===== Data provided

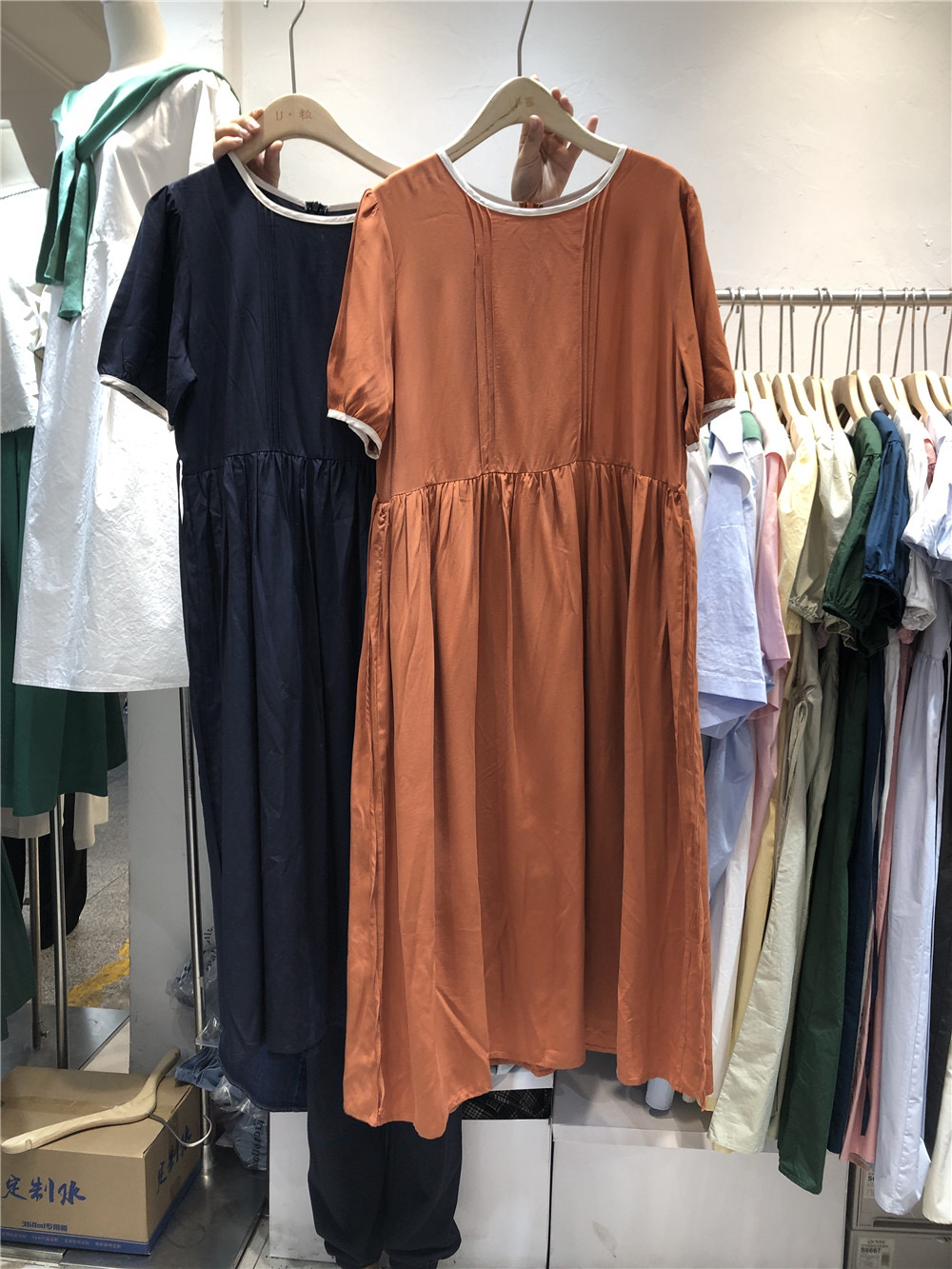 清！原79 夏季新款仙女范赫本风茶歇法式复古白色短袖长连衣裙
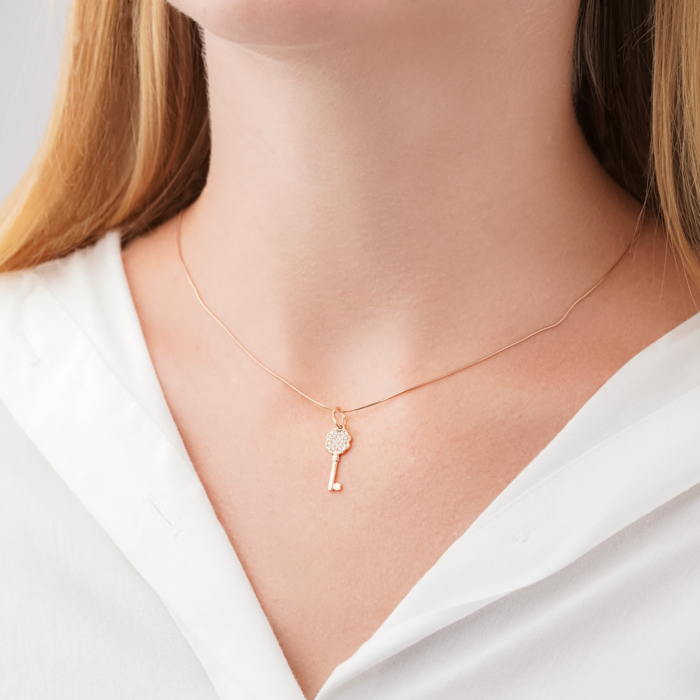 Золота підвіска Ключик з фіанітами 3106756101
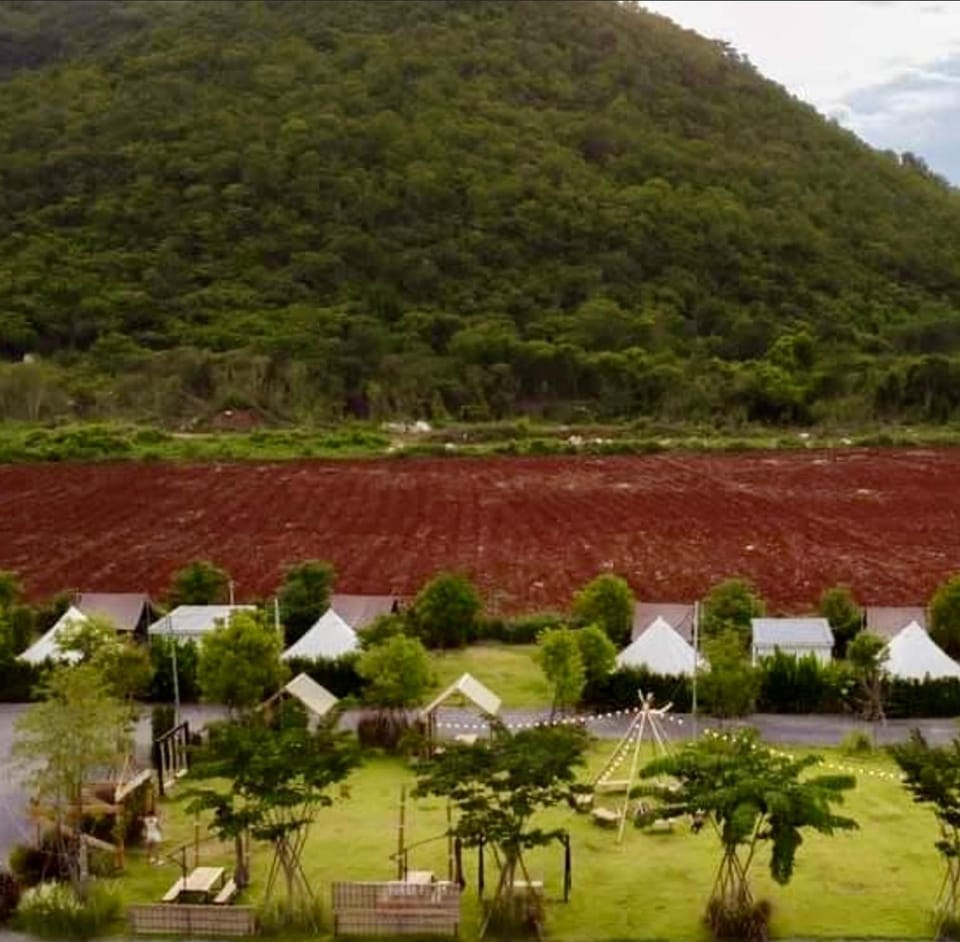 Day, Natural landscape, View (from property/room), Mountain view, Inner courtyard view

==========

_Task details_: Make an exact copy of the listing, with no images in it.

_Solution to the exercise_:
 清！原79 夏季新款仙女范赫本风茶歇法式复古白色短袖长连衣裙
 Золота підвіска Ключик з фіанітами 3106756101
 Day, Natural landscape, View (from property/room), Mountain view, Inner courtyard view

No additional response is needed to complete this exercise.